I think the vault used in the burial undertaken by the defendants should be regarded as an accessory to the burial contracted for and undertaken by defendants and not as a separate sales transaction in which the contract, with its warranty, might be performed by delivery in its un-assembled state.

The defendants are not relieved from liability by reason of the fact that plaintiff did not show that the vault was not watertight when properly locked.

The contract was one of burial in which the defendants undertook to bury the body of plaintiff’s husband in this particular vault. Its potentialities as a watertight vault were useless and unavailable for the purpose for which the vault was intended until the top was locked to the base. The nature of the contract, and plaintiff’s evidence put this duty on the defendants and they failed to discharge it. By reason of that fact water and mud soaked the body and plaintiff is entitled to recovery for the breach of the contract, made specifically to prevent that occurrence, and the consequent and ensuing mental suffering, if the jury should so find.

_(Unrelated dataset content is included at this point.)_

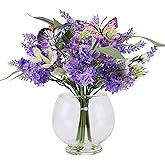 Jusdreen Artificial Lavender Bouquet with Vase, Purple Artificial Flowers for Table Centerpiece, Faux Purple Flowers Decoration for Home Party Wedding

The gravamen of the plaintiff’s action does not rest in a claim that the burial was not done in a workmanlike manner, — that is entirely too narrow; — -it lies in the breach of the specific contract to bury her husband’s body in a watertight vault, selected for the purpose; a vault watertight at the time of the burial, by proper assembly of its parts, by locking of the top to the base, if necessary to make it perform the intended function, — and it was. This has nothing to do with the way defendants “held themselves out as specially qualified to perform the duties of an undertaker” or the corollary statement in the opinion of the Court: “When defendants undertook to conduct the funeral of plaintiff’s deceased husband they impliedly covenanted to perform the services contemplated by the contract in a good and workmanlike manner.” That exists, of course, *17but it cannot be used to exclude the specific obligation of the contract, to wit: To bury the body in a specific way, in a watertight vault. Yet, of this, in discussing the nonsuit, the Court, in its opinion, observes: “As she offered no proof that the vault was not waterproof when properly locked to the base the ruling must be sustained.” Thus plaintiff’s main cause of action is dismissed by nonsuit, and another, upon which she did not declare, and in which there are plenty of hurdles, is handed to her for prosecution. I question, — not the power of the Court, of course — but the propriety of that action.